One day, the dinosaur — a gift from an uncle who, incidentally, does not have children — decided to go on a trip. It was never seen (or heard from) again.

“It was louder than what I would have on my TV, and he would just keep pushing it and pushing it and pushing it and pushing it,” said Smith, 27, who lives in Abilene, Texas. “I don’t want anything to happen to his ears, and I’m thinking, mine are hurting, and I’m way over here. So how is it when he’s right there next to it?”

The screeching and roaring and wailing of noisy toys is driving parents to desperate measures, and it’s about to get worse, as new guidelines go into effect April 20 that allow some toys — push and pull toys, specifically — to turn up the volume. From packing tape to cotton packing to hands-on seminars, parents are finding ways to tone down the toys; a spokesperson for the American Academy of Audiology, when contacted for this story, mentioned that her neighbor actually drove his car over a toy in a final attempt to shut it up.
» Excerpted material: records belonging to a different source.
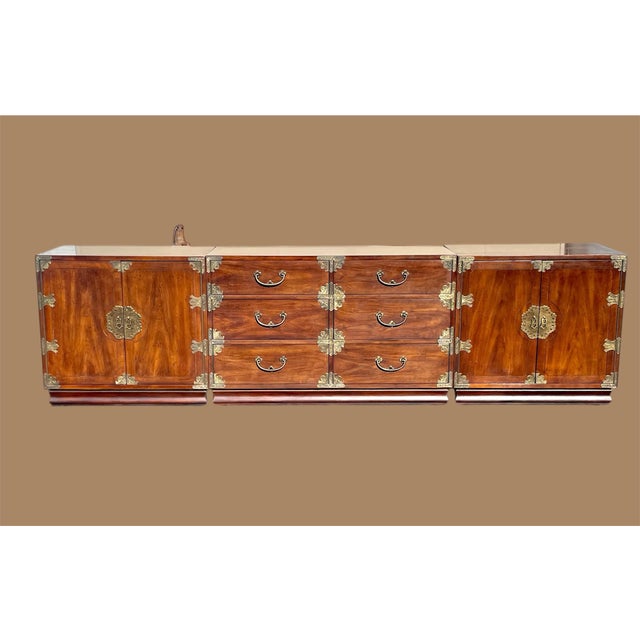 Burnt Umber Rare Vintage Henredon Campaign 6 Drawer Chinoiserie Pan Asian Dresser For Sale - Image 8 of 8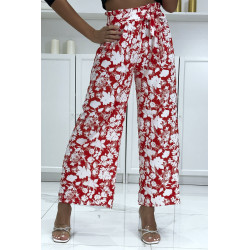 Pantalon palazzo rouge et blanc motif fleuris tendance et chic 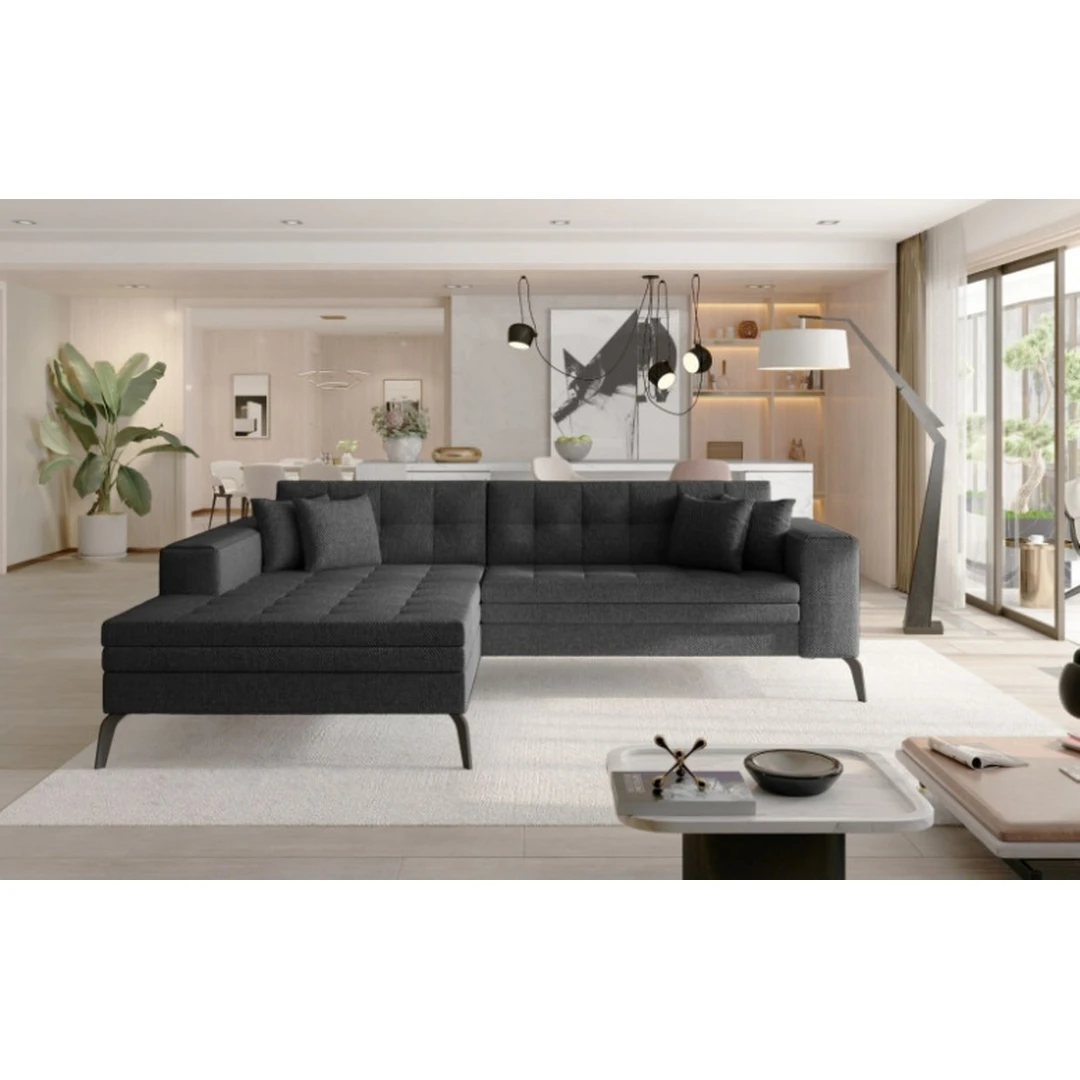 Modernus minkštas kampas su miegojimo funkcija ir spalvų pasirinkimu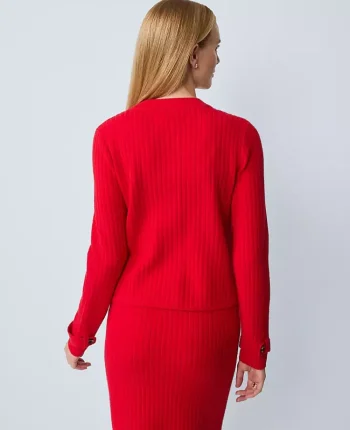 Ann Taylor Sweaters|All Sweaters|Petite Ribbed Sweater Jacket Iconic Red
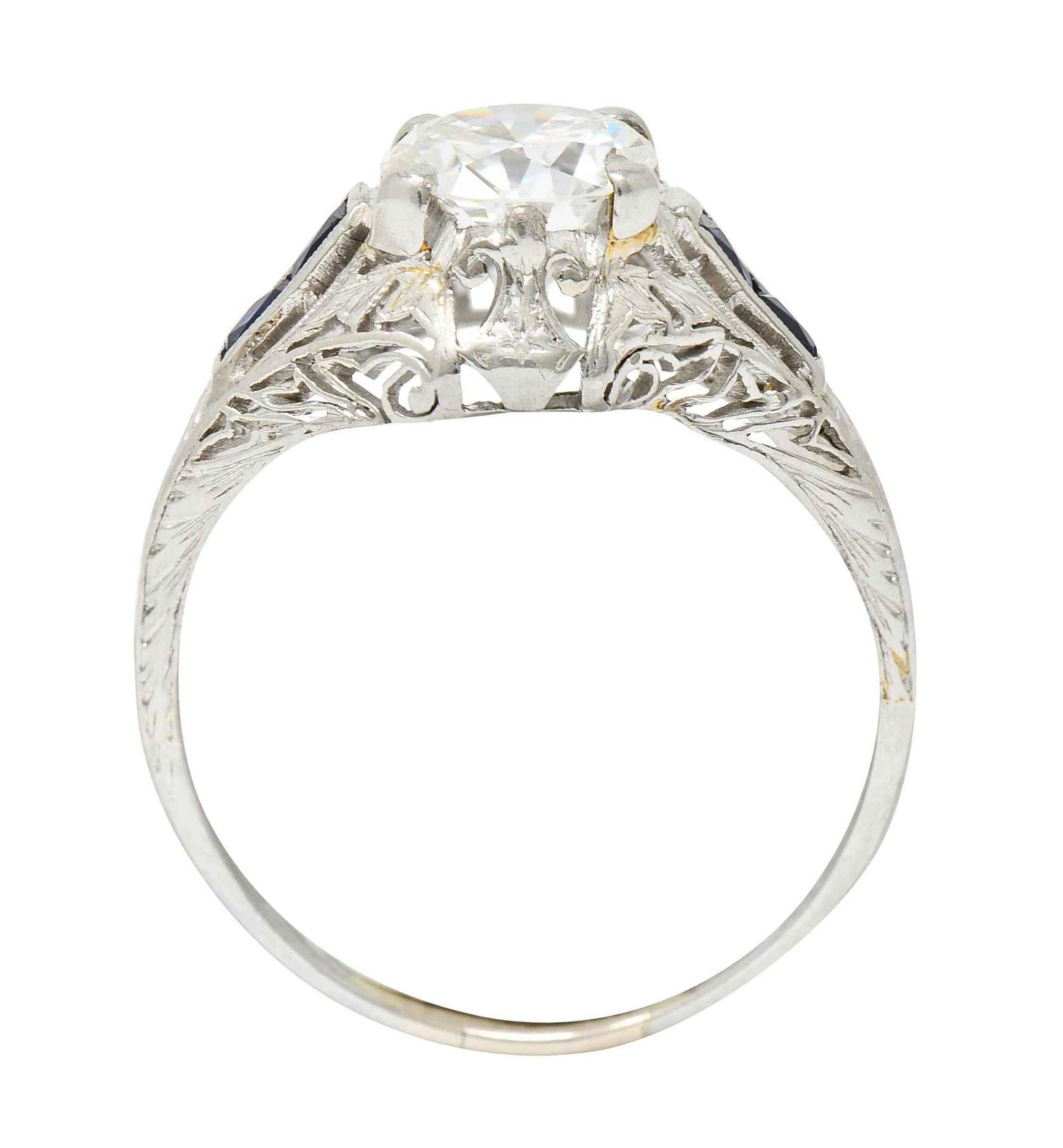 Art Deco 1.20 Carats Diamond Sapphire 14 Karat White Gold Engagement Ring 3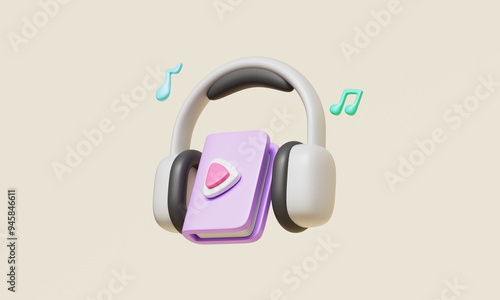 3D 책과 헤드폰 아이콘. Book and Headphone icon photo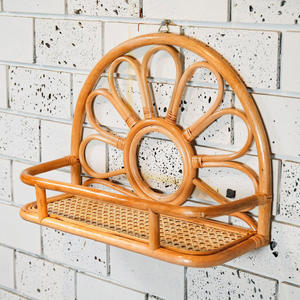 Estante de pared de ratán con diseño de girasol, estante flotante de bambú tejido en forma de arco, organizador decorativo para jarrones pequeños para la sala de estar del hogar - Product Image 1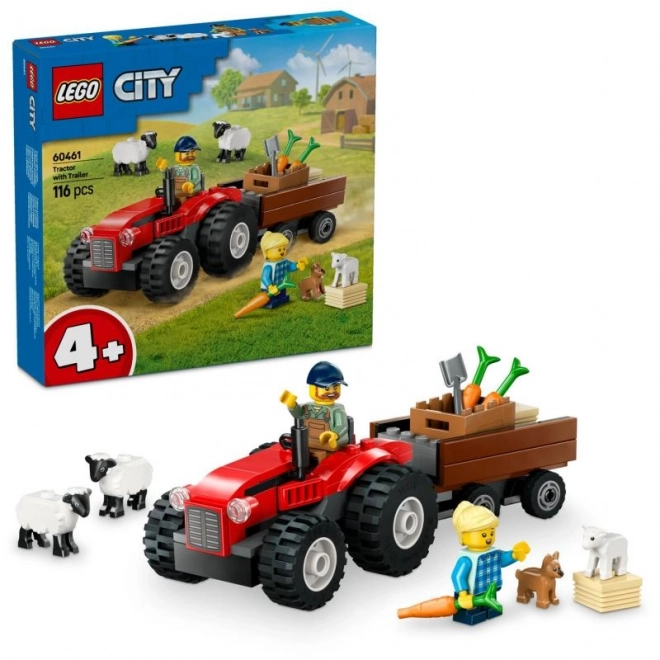 Lego City Roter Traktor mit Anhänger und Schaf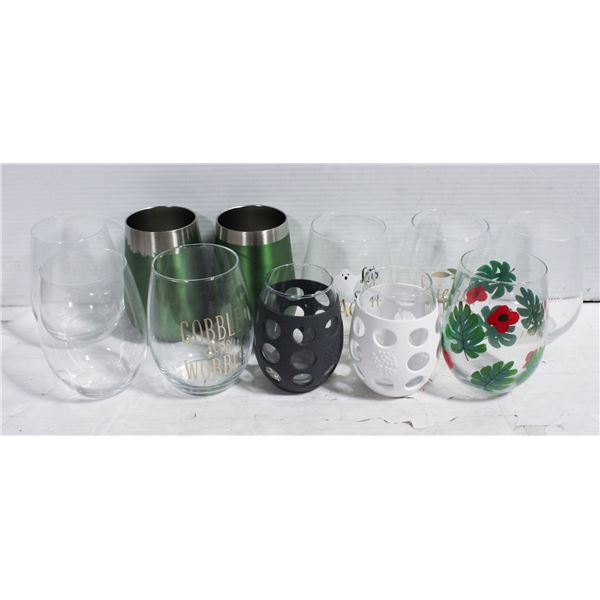 9 ASSTED WINE GLASSES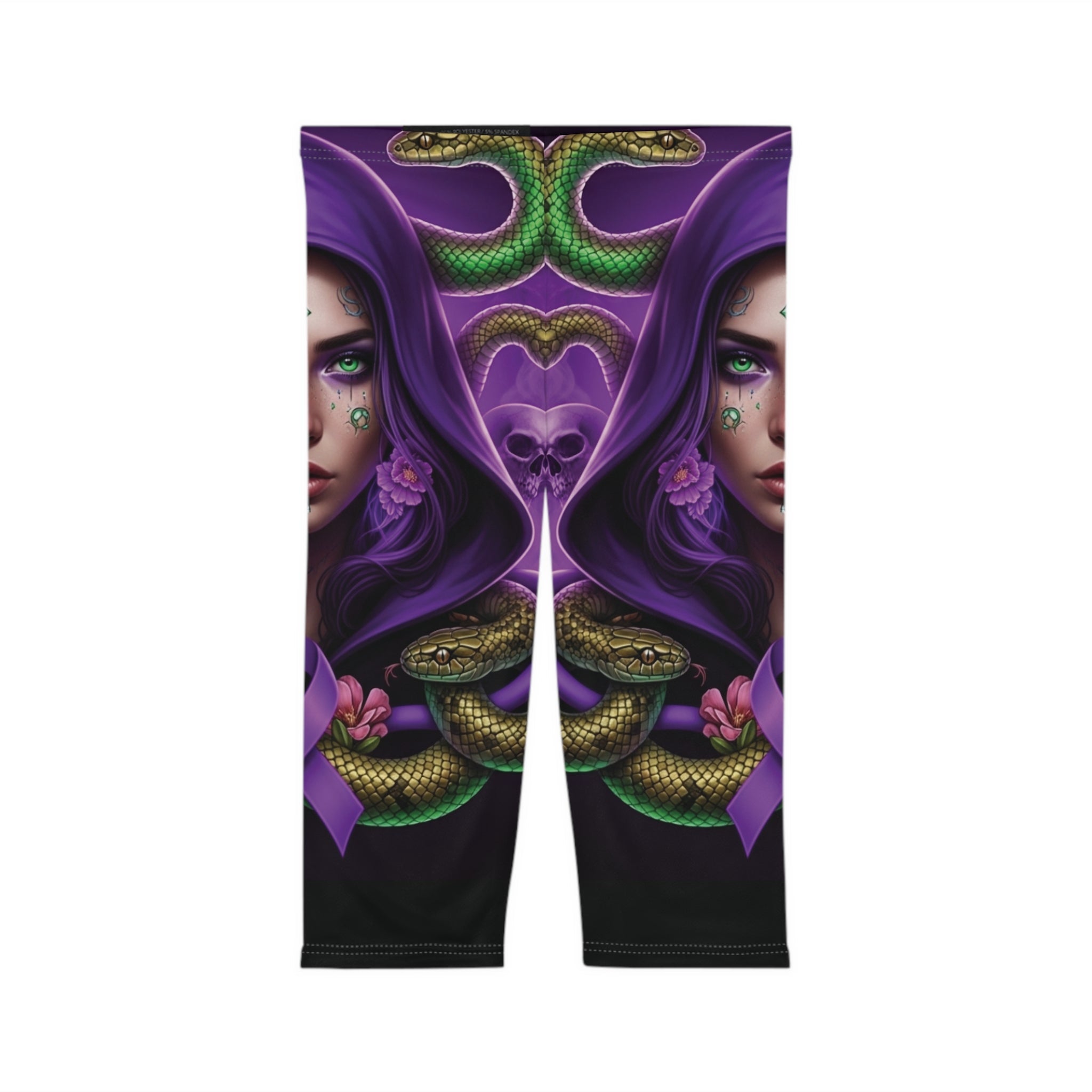 Mystic femme capri leggings front view – purple hooded woman snake awareness ribbon print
Somehow, the batteries “died or disappeared” from an entire shelf of trucks, fire engines and police cars at Laurie Masino’s house in Atlantic City, magically silencing the deafening sirens. But there is one toy — the Cocomelon Toy Microphone, which comes with an “amplify” button — so grating that it has been banished to the basement, she said.

Masino, a 40-year-old English teacher, said many of the educational toys now come with a volume setting, but her boys, age 5 and 2, automatically set it to loud, and truly, she can’t tell the difference. As she spoke, a particularly loud owl behind her continued to talk on and off sporadically.

“The toys that will come alive in the night, those are the ones that are actually terrifying,” she said.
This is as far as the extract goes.